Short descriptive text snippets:
========

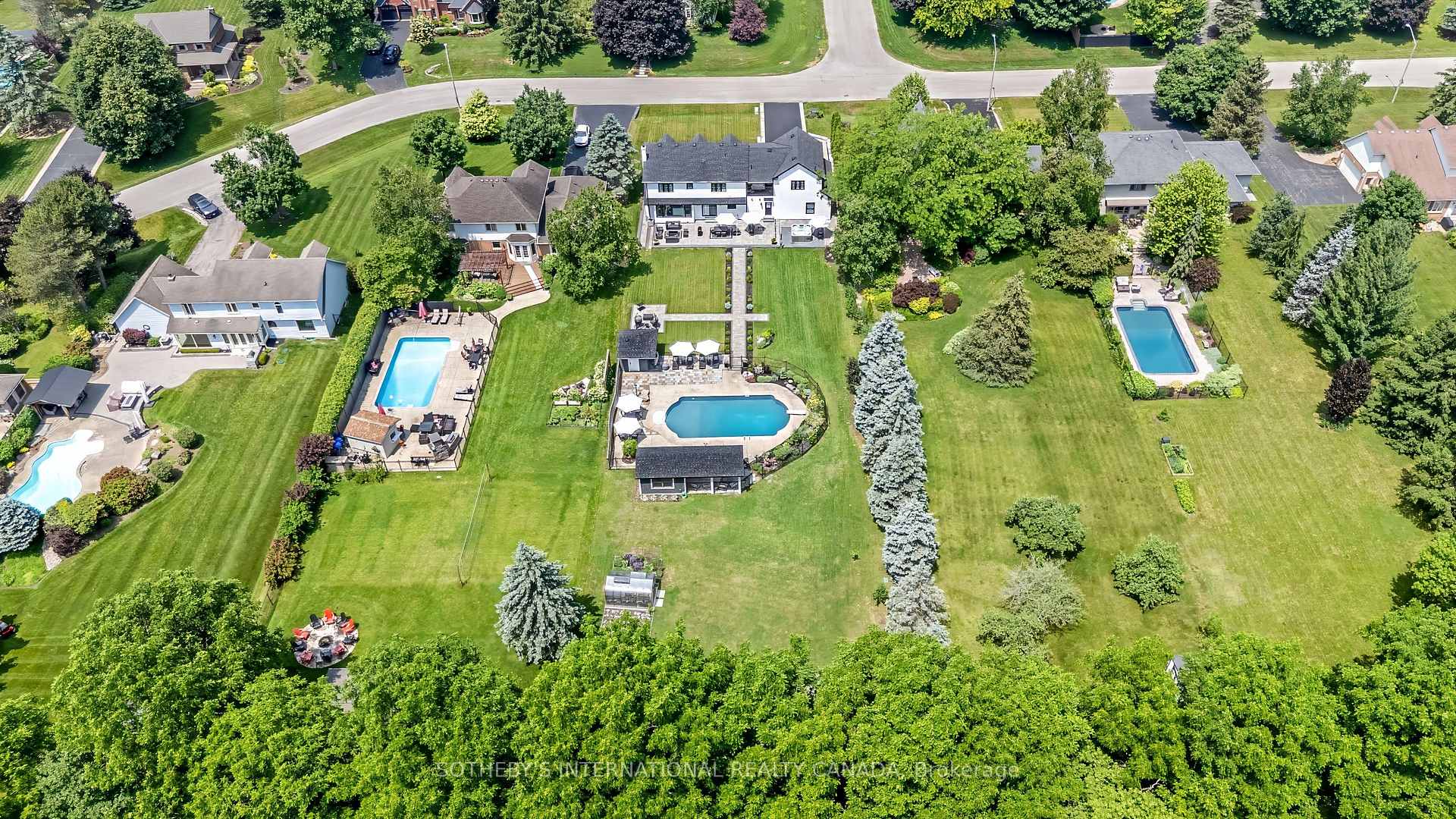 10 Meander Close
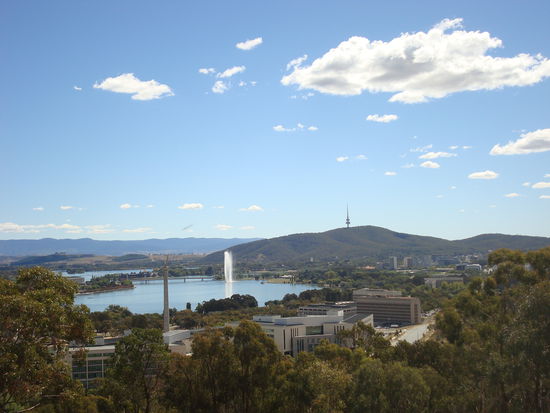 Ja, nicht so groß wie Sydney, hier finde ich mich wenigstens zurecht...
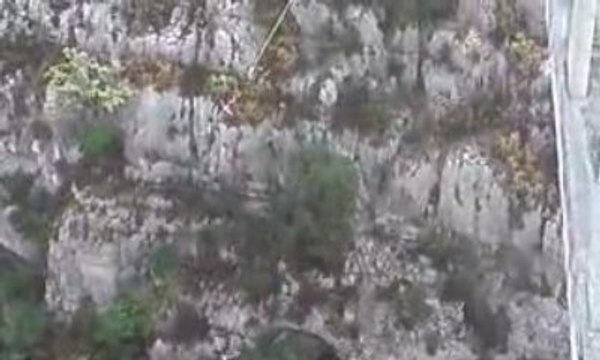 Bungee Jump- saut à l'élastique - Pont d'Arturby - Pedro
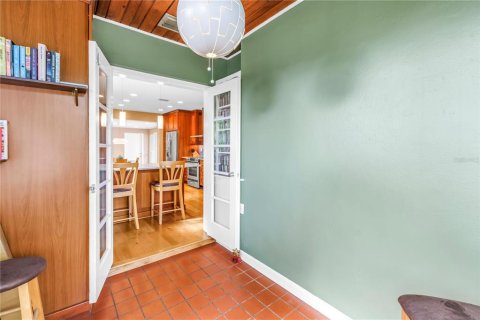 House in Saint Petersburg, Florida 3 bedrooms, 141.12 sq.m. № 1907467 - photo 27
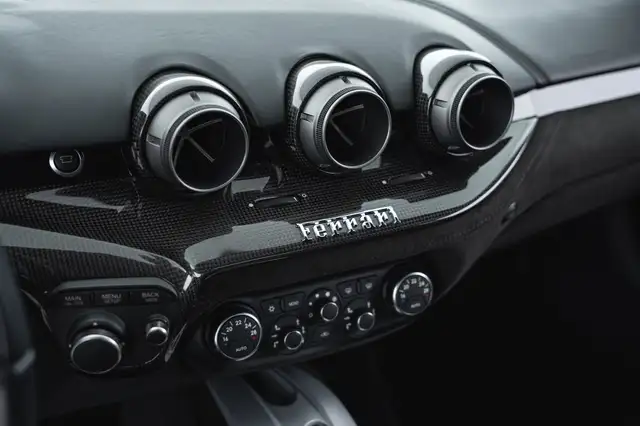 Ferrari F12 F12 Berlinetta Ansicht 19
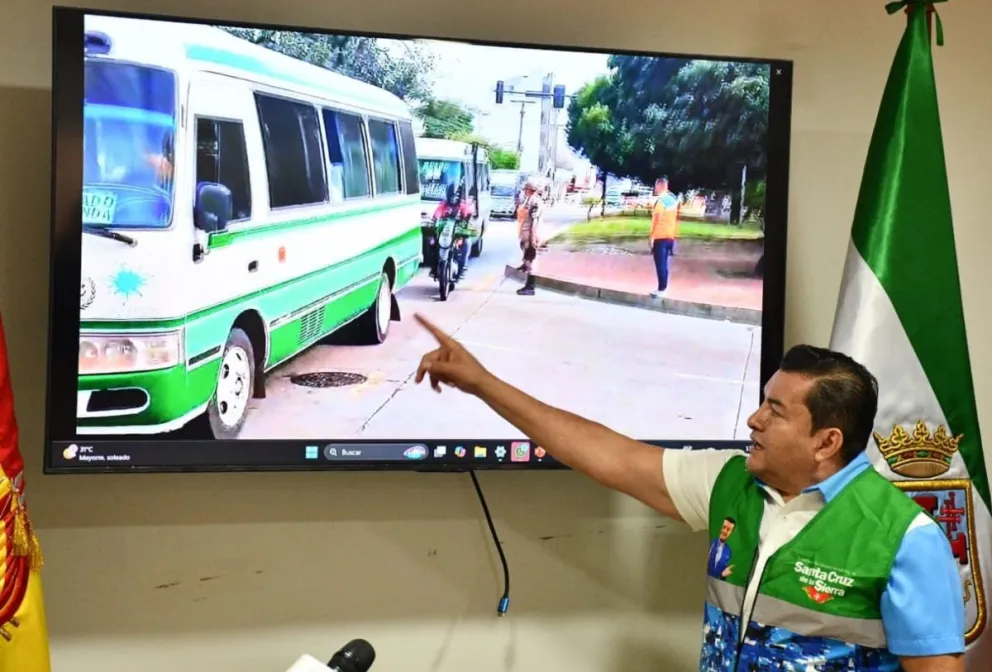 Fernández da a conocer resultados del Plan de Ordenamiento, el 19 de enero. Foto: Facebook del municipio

========

Exercise prompt » From the line with "House in Saint" down to the end of the entries, retype each line exactly as written, but drop the pictures.

Reply »
 House in Saint Petersburg, Florida 3 bedrooms, 141.12 sq.m. № 1907467 - photo 27
 Ferrari F12 F12 Berlinetta Ansicht 19
 Fernández da a conocer resultados del Plan de Ordenamiento, el 19 de enero. Foto: Facebook del municipio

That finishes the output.